DEN HAAG – Minister Ronald Plasterk van Binnenlandse Zaken en Koninkrijksrelaties reageert uiterlijk 1 mei op de ernstige tekortkomingen in de Rijkscoördinatie op Bonaire, Sint Eustatius en Saba.
Een doorlichtingsonderzoek concludeert dat de coördinatie van de Nederlandse overheid in Caribisch Nederland van geen kanten deugt.
In een brief aan de Tweede Kamer stelt Plasterk dat de bevindingen na een onderzoek van de coördinatie ‘zijn indruk van de ernst van de situatie’ bevestigen. Het onderzoeksrapport is het eerste deel van een grondige evaluatie van de Rijkscoördinatie. De Tweede Kamer kreeg het rapport dat al in november gereed was, overhandigd nadat de inhoud is uitgelekt naar de media.
Vertrouwen
De doorlichting, uitgevoerd door de Inspectie Signalering Begeleiding (ISB) van het ministerie van Buitenlandse Zaken, wijst uit dat er veel gedaan moet worden om de coördinatie op de eilanden te verbeteren. Er is sprake van het ontbreken van een geïntegreerde meerjarenplanning voor de BES-eilanden, geen onderlinge vertrouwen en samenwerking, slechte communicatie, gebrek aan regie en goede afstemming en het uitblijven van uitwisseling van ideeën en visies.
Plasterk heeft al in december na de presentatie van het rapport een bestuurlijke commissie in het leven geroepen die de Rijkscoördinatie op staatkundig en bestuurlijk vlak moet uitpluizen.

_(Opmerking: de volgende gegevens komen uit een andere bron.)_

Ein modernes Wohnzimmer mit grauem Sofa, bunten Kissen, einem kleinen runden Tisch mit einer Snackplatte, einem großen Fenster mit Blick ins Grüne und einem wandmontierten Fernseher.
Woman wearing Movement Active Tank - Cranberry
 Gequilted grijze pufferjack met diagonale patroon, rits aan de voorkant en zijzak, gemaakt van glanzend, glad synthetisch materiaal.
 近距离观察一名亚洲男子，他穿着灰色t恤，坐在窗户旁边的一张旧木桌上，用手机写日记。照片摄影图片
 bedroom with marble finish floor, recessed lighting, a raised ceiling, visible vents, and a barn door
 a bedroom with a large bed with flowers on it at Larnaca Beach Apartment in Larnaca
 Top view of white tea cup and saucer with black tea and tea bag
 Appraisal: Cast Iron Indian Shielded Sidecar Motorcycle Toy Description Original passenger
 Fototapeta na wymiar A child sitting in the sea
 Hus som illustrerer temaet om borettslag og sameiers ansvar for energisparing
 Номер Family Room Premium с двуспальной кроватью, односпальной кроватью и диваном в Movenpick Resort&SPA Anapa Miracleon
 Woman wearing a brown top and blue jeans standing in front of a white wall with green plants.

Plasterk hoopt deze maand nog gerichte voorstellen te krijgen over inzet en regie van BZK en de rol van de Rijksdepartementen. De commissie moet ook concrete aanbevelingen doen over de verantwoordelijkheden van de Rijksvertegenwoordiger en een betere aansluiting tussen de Rijkscoördinatie, Rijksvertegenwoordiger en de drie openbare lichamen.
Stolte
Het onderzoeksrapport is vernietigend voor Rijksvertegenwoordiger Wilbert Stolte. Plasterk benadrukt al in het begin van zijn brief aan de Kamer dat Stolte op 1 mei zijn functie neerlegt. Stolte heeft zijn functie geen goede invulling gegeven. Hij heeft geen vertrouwen zowel in Nederland als op de drie eilanden.
Een van de conclusies van de onderzoekers naar aanleiding van de individuele interviews luidt: “Zijn coördinerende rol reikt niet veel verder dan het uitwisselen van selectieve informatie tijdens een wekelijks diensthoofdenoverleg. Zakelijk gezien is er naar het inzicht van deelnemers aan het diensthoofdenoverleg, geen beleidsagenda en het overleg behelst zelden inhoudelijke beleidsdiscussies.” Ook de relatie tussen Stolte met de openbare lichamen is ‘in het algemeen niet goed te nomen’, stellen de onderzoekers.
De ISB beveelt aan om een tijdelijke Rijksvertegenwoordiger te benoemen die tot de grote bestuursevaluatie in 2015 de functie ‘in rustiger vaarwater’ kan krijgen. Ook moet de nieuwe vertegenwoordiger een ruime ambtelijke ervaring hebben met politiek inzicht. Maar hij moet onafhankelijk zijn en boven partijen staan.